We are strongly in favor of requiring high school students to learn American history before they can be handed a diploma, even if increasingly too much of what they are taught is a sanitized version, one reshaped to not offend a generation that seems to embrace victimhood.

American history, even when rewrapped, tells an incredible story of how an oppressed society took a journey over a treacherous ocean, started from nothing, and built the world’s greatest republic over a quincentenary plus a couple of decades. Doing so, yes, imperfectly, with plenty of victims along the way, American Indians having paid the heaviest price. But at the same time America provides an ideal that other countries have sought to emulate, giving us a better and more peaceful world. Our history should be remembered and celebrated.

That said, if some American history has to be jettisoned in order to provide room for a personal finance class as part of the required curriculum in North Carolina’s high schools, then we are good with it. We know of no measure that would come to any other conclusion than our future is more important than our history.

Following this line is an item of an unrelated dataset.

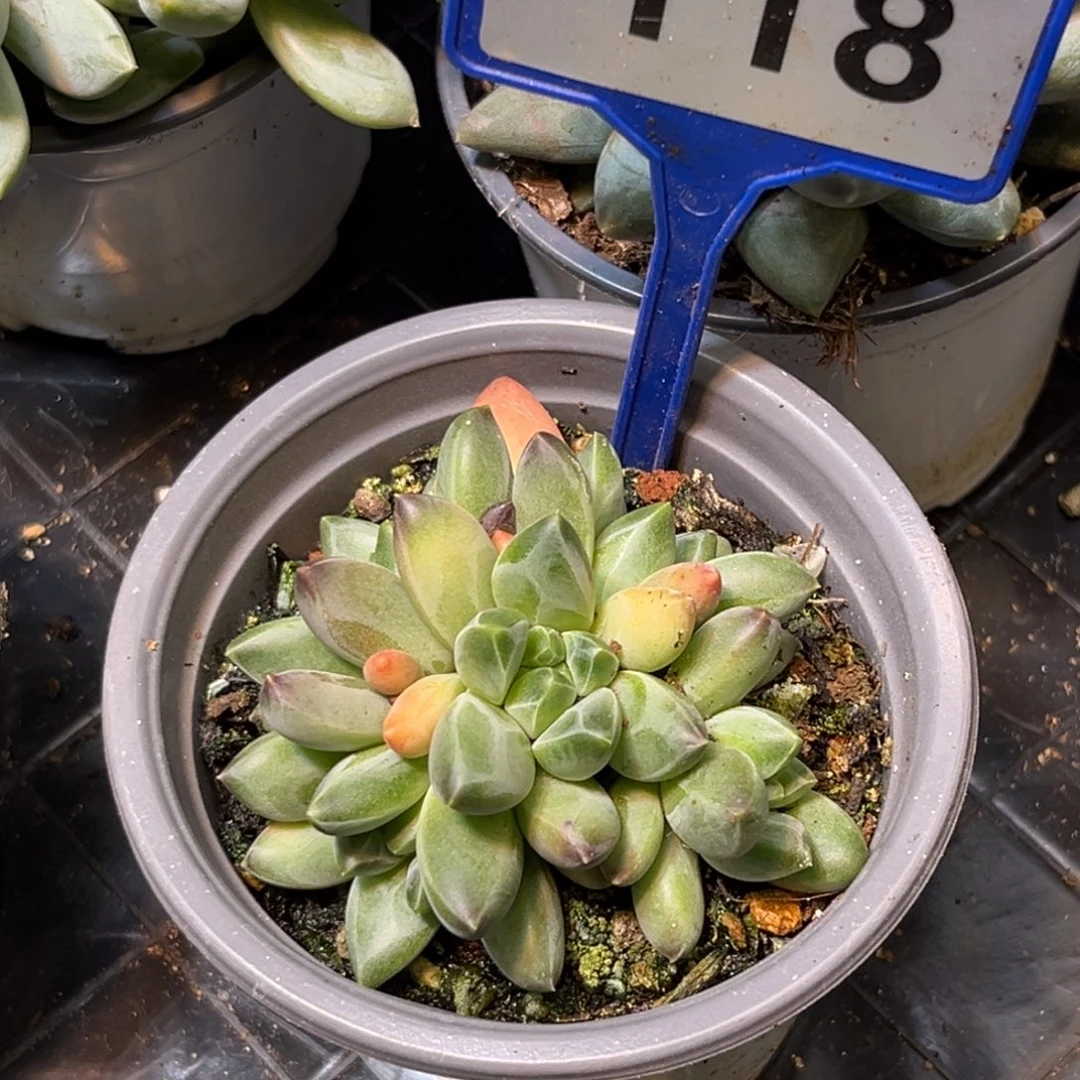 多肉植物莫吉托群118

The state Board of Education, in an effort to meet a mandate by the General Assembly, last week dropped the number of American history courses required for graduation from two to one in order to make room for a personal finance class. The General Assembly’s decision to require the course did meet criticism, including among educators, but history is taught in earlier grades, and high school civics can be revamped to include more of it.

We see the personal finance class as critical for young people leaving high school, especially those who are headed to work, and not to further their education or to learn a marketable skill. In Robeson County, that need is much more so than in most places.

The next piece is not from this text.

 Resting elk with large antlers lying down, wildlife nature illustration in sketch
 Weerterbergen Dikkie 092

This nation is swimming in a sea of debt that has been accumulated in a variety of ways, including through school loans, but generally a willingness to use credit to live beyond a person’s ability. In a world in which young people are easily preyed upon by those offering expensive credit, too often bad sense prevails, and the uninformed dig a financial hole that is deep and wide.

The course, we presume, would touch upon basic tenants such as credit, its importance, and how to protect it; home mortgages; the value of investing now, even modestly; and the miracle of compound interest.

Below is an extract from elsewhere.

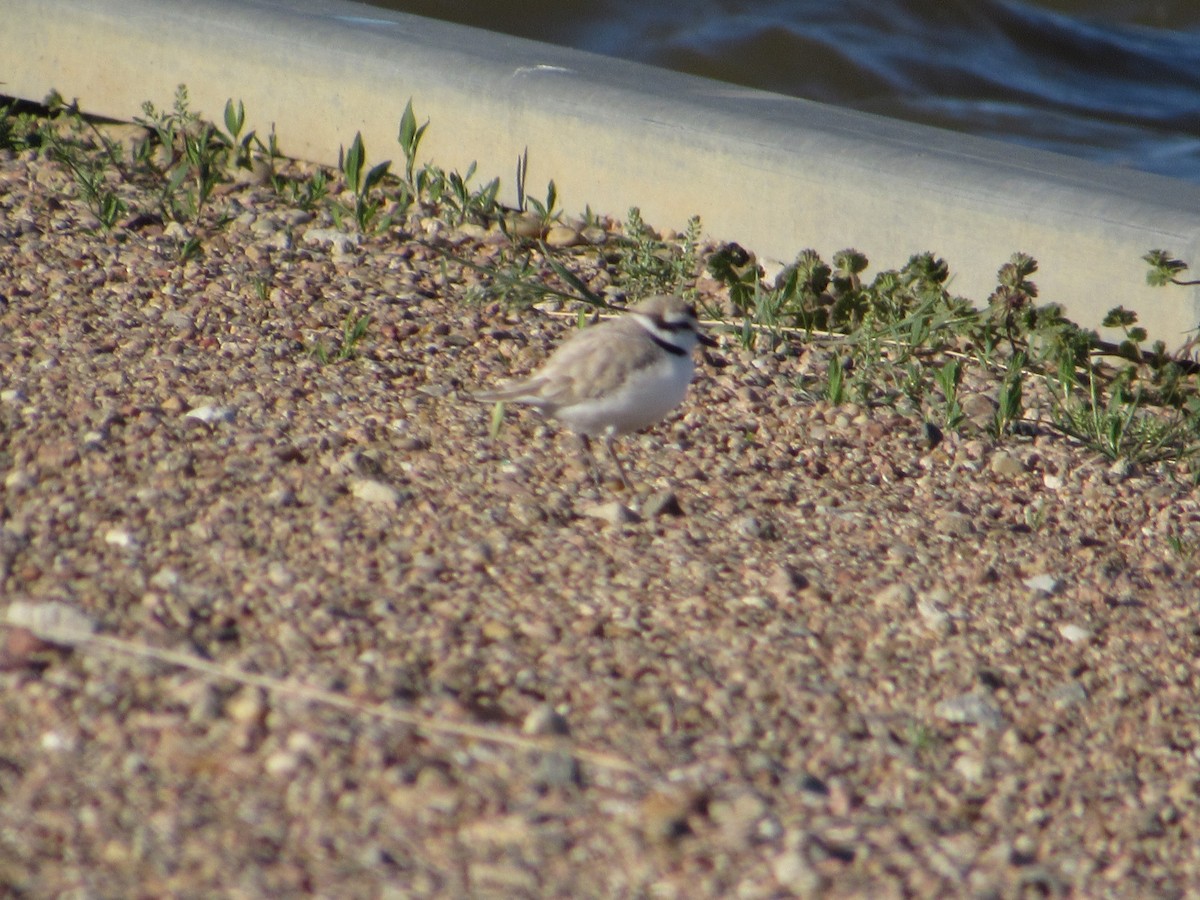 Snowy Plover - ML618732744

The truth is, even in a county such as ours where a third of the population is trapped in poverty, living above that line is not difficult. It requires good decisions, which are within most people’s reach, and not hefty paychecks, which aren’t always.

Any young person who delays marriage, delays having children, acquires an education or a skill, and shows up at work to become valuable and dependable is likely to avoid poverty. In fact, we would argue the biggest cause of poverty in Robeson County is children, specifically, having them before the ability to take care of them.

We expect that any financial course would make that understood.

We are sure that high school students who take the course, pay attention, and try to apply it to their own decision-making will have a brighter financial future. The course holds great promise for Robeson County.